Ein weiterer messbarer Effekt ist die Einsparung bei der Rezertifizierung. Durch die Eliminierung dauerhafter Berechtigungen entfallen viele manuelle Prüfprozesse. Das Ergebnis: mehr Sicherheit bei deutlich geringerem Aufwand – und ein Governance-Modell, das den Anforderungen moderner Unternehmen gerecht wird.
Just-in-Time-Zugriff in der Zukunft
Die Zukunft des Just-in-Time-Zugriffs ist eng mit Automatisierung und künstlicher Intelligenz verknüpft. KI-Systeme werden in der Lage sein, auf Basis von Verhalten, Mustern und Risikoanalysen eigenständig über Zugriffsrechte zu entscheiden. Durch die Beschleunigung dieser Entscheide, müssen Benutzerkonten und Berechtigungen auch nicht mehr zwingend auf Vorrat erstellt sowie zugewiesen werden, sondern können dann Real-Time bei Bedarf eingerichtet werden.
Gleichzeitig wird der Ansatz noch stärker mit dem Zero Trust-Prinzip verschmelzen. Zugriffe werden künftig nicht auf Vorrat oder bei Bedarf nach Genehmigung erstellt, sondern z.B. auch mit ISPM kontinuierlich bewertet sowie nach Gebrauch sogleich werden entfernt – jedes Ereignis, jede Aktion wird zum Teil einer dynamischen Vertrauenskette.
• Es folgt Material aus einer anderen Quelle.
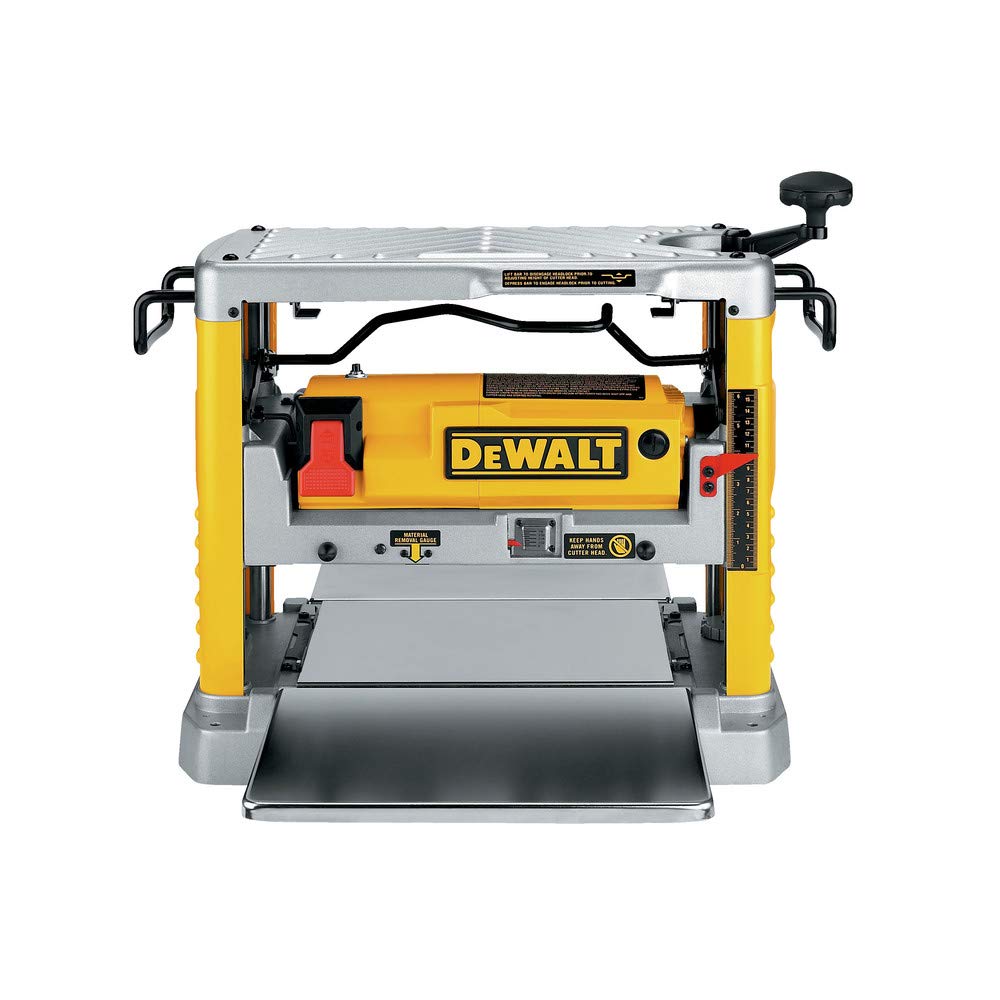 Photo 1 of DEWALT Benchtop Planer, 15-Amp, 12-1/2-Inch, 3-Knife Cutter, 20,000 RPM, Corded (DW734)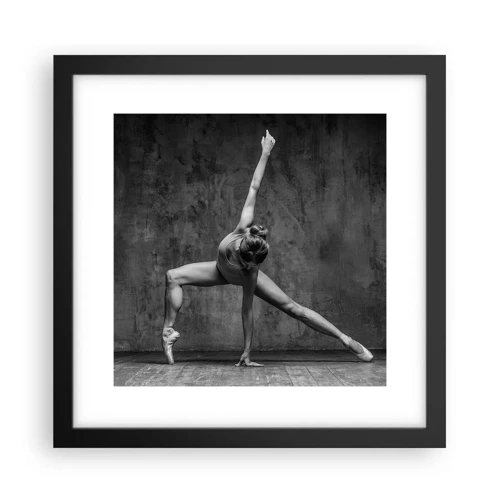 Poster in black frame - Ideal of Balance - 30x30 cm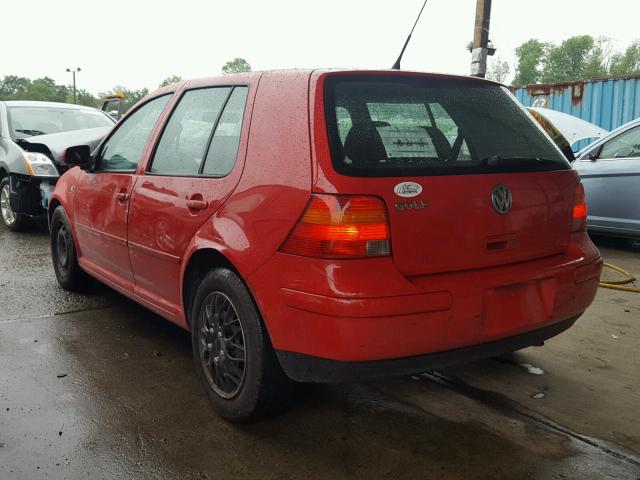 9BWFL61JX54022489 - 2005 VOLKSWAGEN GOLF GL RED photo 3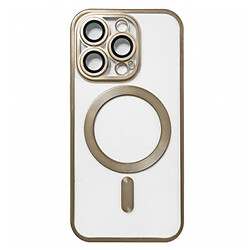 Чохол (накладка) Apple iPhone 12 Pro Max, Metallic Full Camera Matte, MagSafe, Золотий
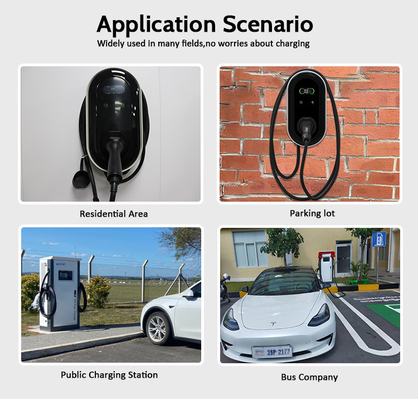 KIWI LCD Mini Opcc 220V Tip 2 Şarj İstasyonu Elektrikli Arabalar İçin 7kW CCS EV Şarj Aygıtı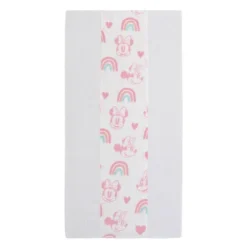 Disney Minnie Mouse 100% Cotton Muslin Burp Cloths - 2pk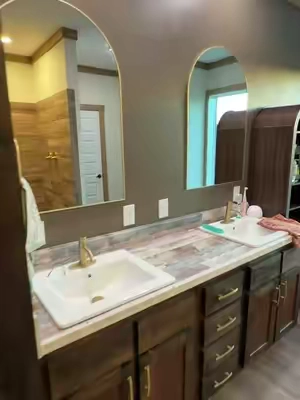 Love these mirrors so much! #mirror #bathroommirror #bathroommakeover 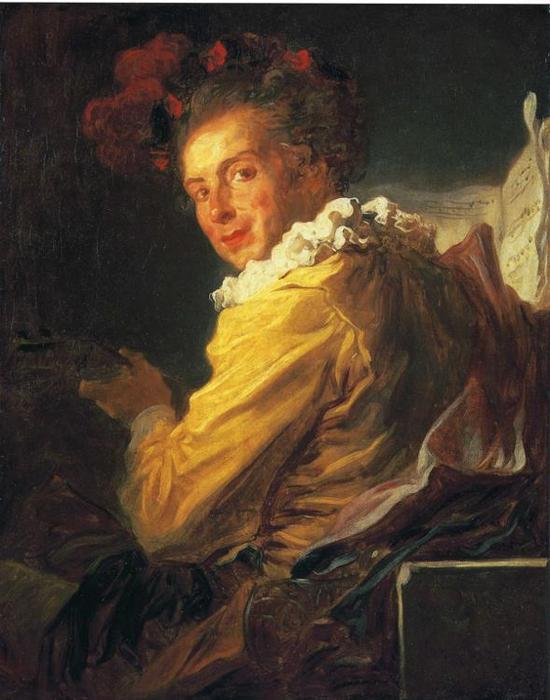 Portrait De Fantasie, Monsieur De La Breteche — ジャン＝オノレ・フラゴナール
Ein weiterer Entwicklungspfad betrifft die non human identities. Mit der wachsenden Zahl automatisierter Prozesse, IoT-Geräte und APIs steigt deren Bedeutung kontinuierlich. Der Just-in-Time-Zugriff wird hier zum zentralen Steuerungsinstrument, um auch maschinelle Akteure sicher und nachvollziehbar in digitale Ökosysteme einzubinden, immer auch mit Blick auf die Lizenzkosten.
Am Ende steht eine Vision, in der Sicherheit, Effizienz und Wirtschaftlichkeit Hand in Hand gehen. Der Just-in-Time-Zugriff wird nicht nur eine technologische Notwendigkeit sein, sondern ein strategisches Werkzeug – für Unternehmen, die Kosten senken, Lizenzkosten sparen, Rezertifizierung vermeiden und zugleich ihr Sicherheitsniveau auf das nächste Level heben wollen.